Background: Mortality prediction models have the potential to improve prognostication, guide goals-of-care discussions, and support interdisciplinary care. The integration of mortality risk into clinical practice remains a subject of ongoing investigation. Several academic hospitals have recently reported promising workflows and initiatives demonstrating how predictive algorithms can support serious illness conversations and palliative care engagement(1-5). However, real-world adoption depends on clinicians’ perceptions, communication practices, and workflow integration. Our primary aim was to understand how hospitalists at a large academic medical center engaged with, interpreted, and trusted a mortality prediction model as part of their clinical decision-making.

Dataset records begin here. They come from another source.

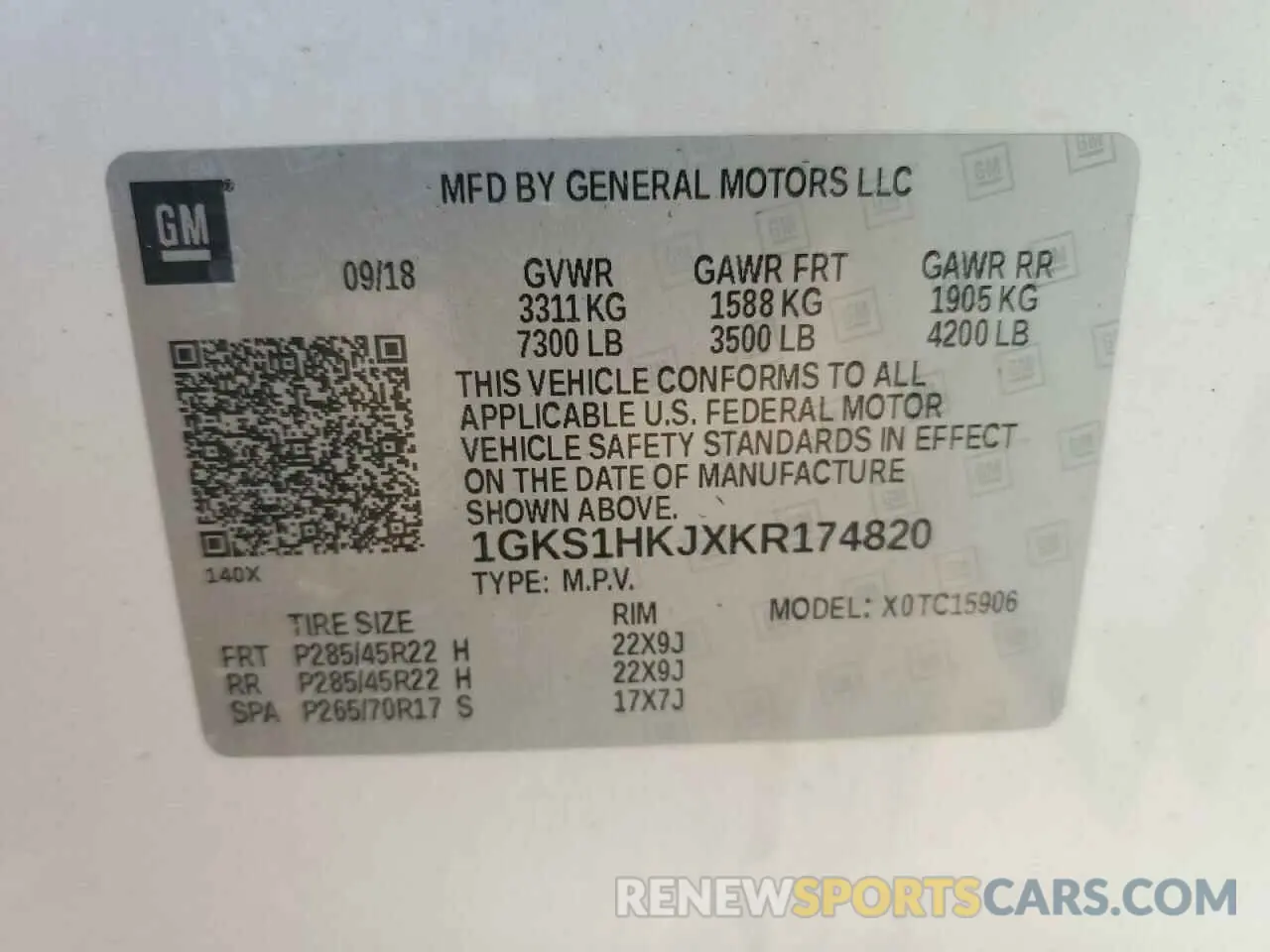 14 Photograph of a damaged car 1GKS1HKJXKR174820 GMC YUKON 2019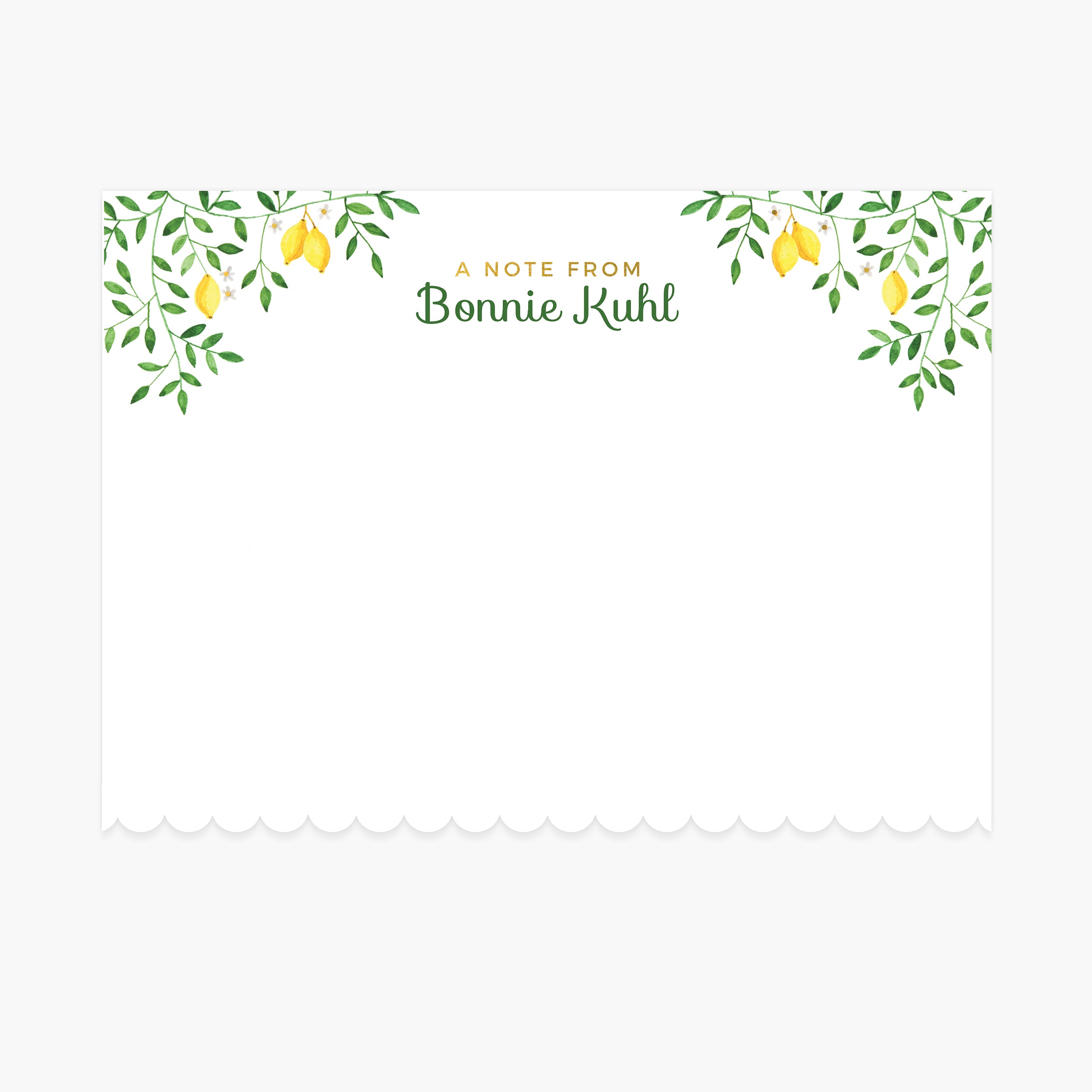 Lovely Lemons 2 - Custom Notecard and Envelope - Set of 10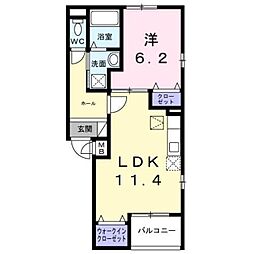 大和市中央林間1丁目アパート 1LDKの間取図画像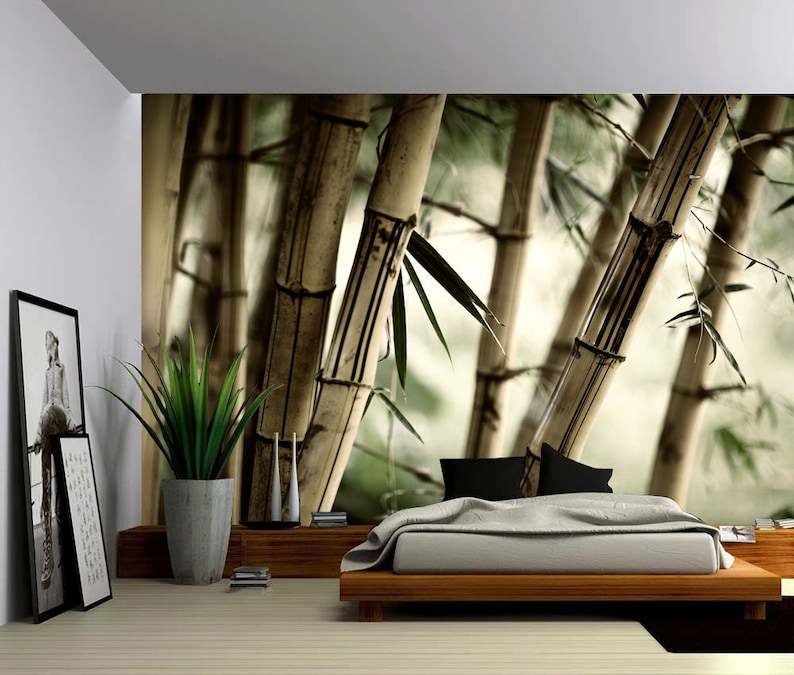 Bamboo Large Wall Mural, Self-adhesive Vinyl Wallpaper, Peel & Stick fabric wall decal image 1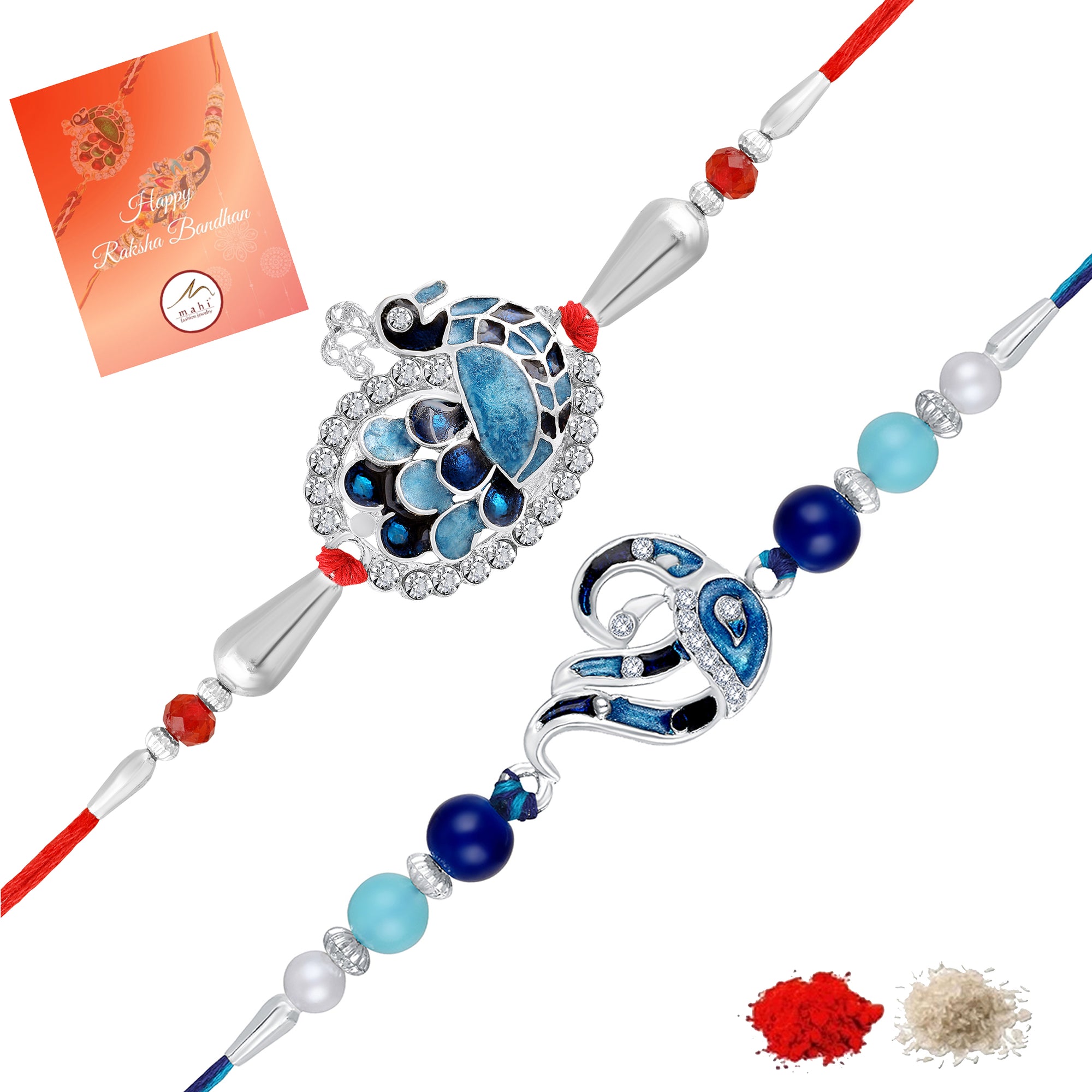 Peacock-Shaped Rakhi's Combo of 2 for Brother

Methods: We conducted interviews with 25 hospitalists at our institution to examine how they identify patients who may benefit from goals-of-care discussions and how they incorporate mortality prediction models into clinical decision-making. All interviews were recorded on a HIPAA-compliant platform, and transcripts were organized into an analytic matrix. Common themes were identified using a matrix-based rapid qualitative analysis approach informed by Hamilton and Finley’s rapid qualitative methodology (6), the Rigorous and Accelerated Data Reduction (RADaR) technique (7), and the Framework Method (8). Interview and field-note data were categorized across 15 analytic domains encompassing illness classification, prognostic strategies, communication styles, interdisciplinary roles, and model usability. Frameworks such as REMAP (9) and SPIKES (10) guided the interpretation of communication-related themes.

Results: Participants consistently relied on clinical severity cues that matched their intuitive reasoning. Mortality risk estimates were perceived as valuable for situational awareness, anticipatory planning, and interdisciplinary coordination. Acceptance of the model depended on concordance with bedside assessment, transparency around contributing factors, and alignment with existing workflow (Figure 1). Participants expressed a desire for greater explainability (“why this score?”), flexible notification timing, and governance strategies such as outcome feedback loops (Figure 2A). Lessons learned highlighted the importance of trust calibration, communication training, interdisciplinary engagement, and aligning risk outputs with actionable treatment pathways (Figure 2B). Communication around prognosis remained emotionally complex, and clinicians emphasized the value of structured approaches based on concepts from REMAP and SPIKES for supporting difficult conversations (Figure 2. C, D).

Conclusions: Efficient, peer-reviewed mortality prediction models can enhance clinical decision-making and communication when integrated into clinicians’ existing mental models, interdisciplinary workflows, and structured conversation frameworks. REMAP and SPIKES are effective frameworks that can be incorporated into a hospitalist’s workflow to support values-based discussions. Successful implementation of a mortality model requires transparency, usability, explainability, and alignment with patient-centered communication practices. Our findings contribute a structured roadmap for the scalable refinement of mortality prediction tools and the clinical workflows required for their effective implementation.

IMAGE 1: Figure 1:Process Flow of Mortality Risk Assessment and Decision-Making. Clinical processes are shown in Green. Workflow processes are shown in Blue. Communication processes are shown in Purple.

IMAGE 2: Figure 2: Cross-Cutting Themes, Lessons Learned and Frameworks.